I’ve been writing Windows software for around 14 years and in that time I’ve become less and less a fan of Microsoft. Windows is a programming nightmare. It’s a hodgepodge of technologies and no fun any more. I spend more time fighting quirks in Windows than I do creating features for my products. So, 25 years later I’m back to where I started: writing code for UNIX. This time though it has a clean, graphical interface and runs on a Macintosh.
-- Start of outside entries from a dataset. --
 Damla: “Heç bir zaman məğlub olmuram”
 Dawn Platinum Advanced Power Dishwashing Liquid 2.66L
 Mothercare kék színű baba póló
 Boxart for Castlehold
The bottom line is: You have to love what you do. I love helping people by giving them tools to make their lives better and I love making those products on the Mac. Now if enough people love my products, I’ll be able to get this business off the ground.

Enough Mistakes?

Have I made enough mistakes to put this company over the top? In other words: have I learned enough from my previous flops and semi-flops to do this one right? It’s hard for me to live with my mistakes—I’m a recovered perfectionist. I replay my past gaffes in my head all the time. I know I should just learn from them and let them go, but this quiet little voice chants, “If only you hadn’t done that.” To appease that head whisper, I’m trying to avoid my most recent screw-ups: partners and priorities.
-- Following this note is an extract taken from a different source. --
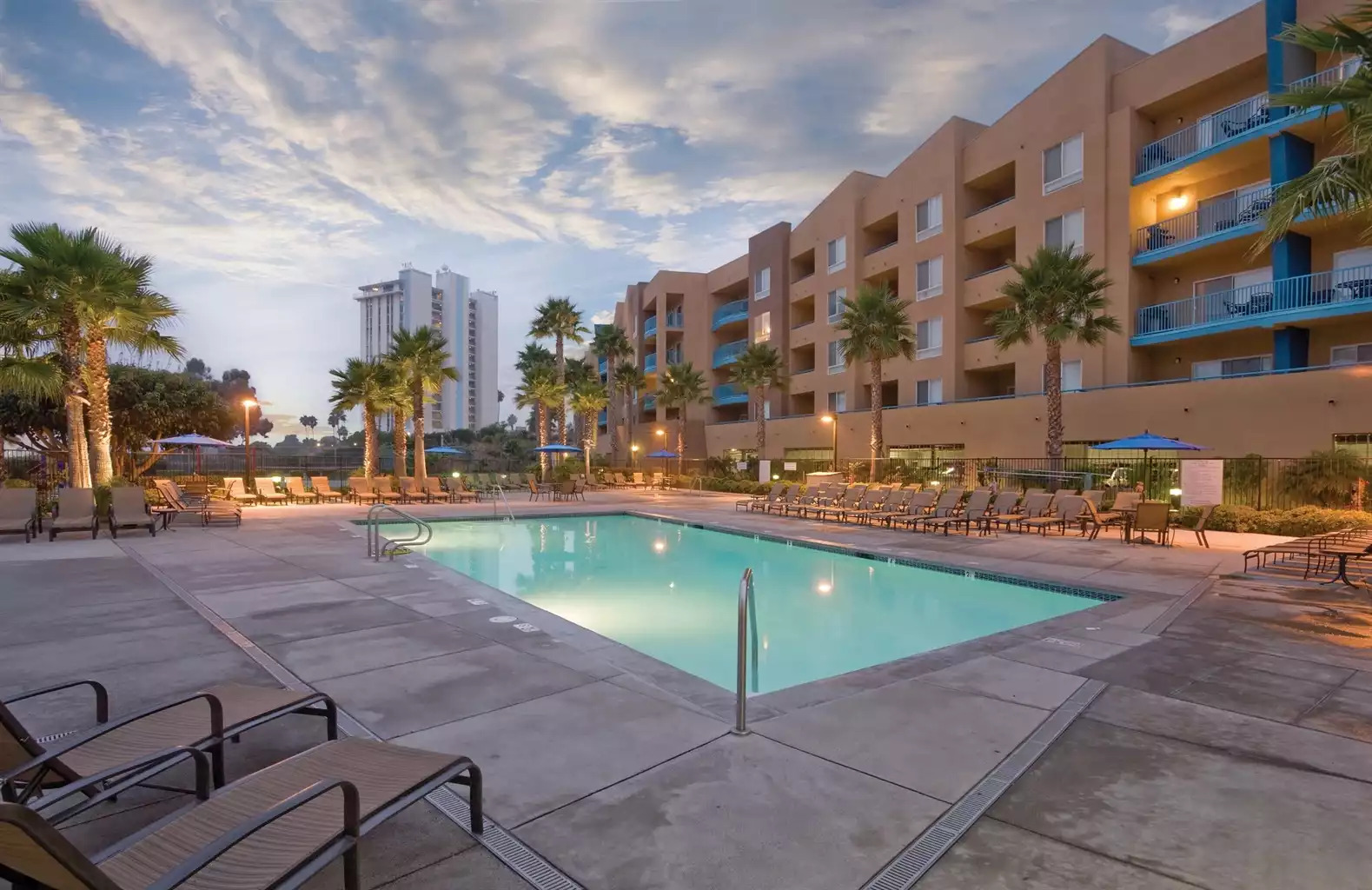 Adult & Kids Pool Adult & Kids Pool - Oceanside Resort 3bdr - Oceanside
Partners—in general—aren’t bad, because they can balance you out. By nature, entrepreneurs are optimists. We think we can alter the moon’s orbit if that will help us launch a product. I’ve read that every entrepreneur should partner with a pessimist: preferably processing payroll and payables (do I get alliteration bonus points?). Too bad partners can also get on each other’s last nerve and see totally different futures for the company. It can get (and has gotten) really nasty at times. The last four times, I’ve struggled with partner-related mistakes. So to paraphrase Mel Brooks (who spoofed a classic): Partners? I don’t need no stinkin’ partners!

My second biggest mistake in my last venture was my priorities: I built more infrastructure than I needed for the product I had created. I could have sworn I needed a dozen offices and a 200 SF data center to get my off the ground. Of course I had funding “just around the corner” so my priorities were perfectly in line, right? Stupid optimist! This time my overhead is low and my product is priority. I know I’ll still make mistakes, but after doing this for 25 years, I’m motivated enough to recover from them quickly—and that’s not just the optimist talking.

Entrepreneurial Seduction

I’m not a virgin: I’m engaged in my fifth seduction. I’ve been wined and dined by the alluring world of start-ups many times. At the tender (and relatively ignorant) age of 19, I fell for that old line, “Want to start a business together?” That ruined me. I couldn’t remain faithful to any other business after that.

Sure there were years when I toyed with the idea of shacking up with Corporate America, but something was always lacking. It’s like being chauffeured around in a Lincoln Town Car–yeah the ride is nice, but what’s the point? You’re tucked away in the back seat. Where’s the exhilaration of flooring it on the freeway on-ramp to try to squeeze into that tiny opening in the fast lane? There’s no ability to decide to detour around traffic, no visuals to veer from construction and no inspiration to take the road less traveled. It’s a passive relationship that gets you from point A to point B. I need to experience the road first hand.

So here I am blogging (I am a blog virgin so be gentle with me) about my latest start-up experience. I’m building (another) software company, but this time it’s sans partners. The process is very exciting, I hope reading about it will be somewhat so.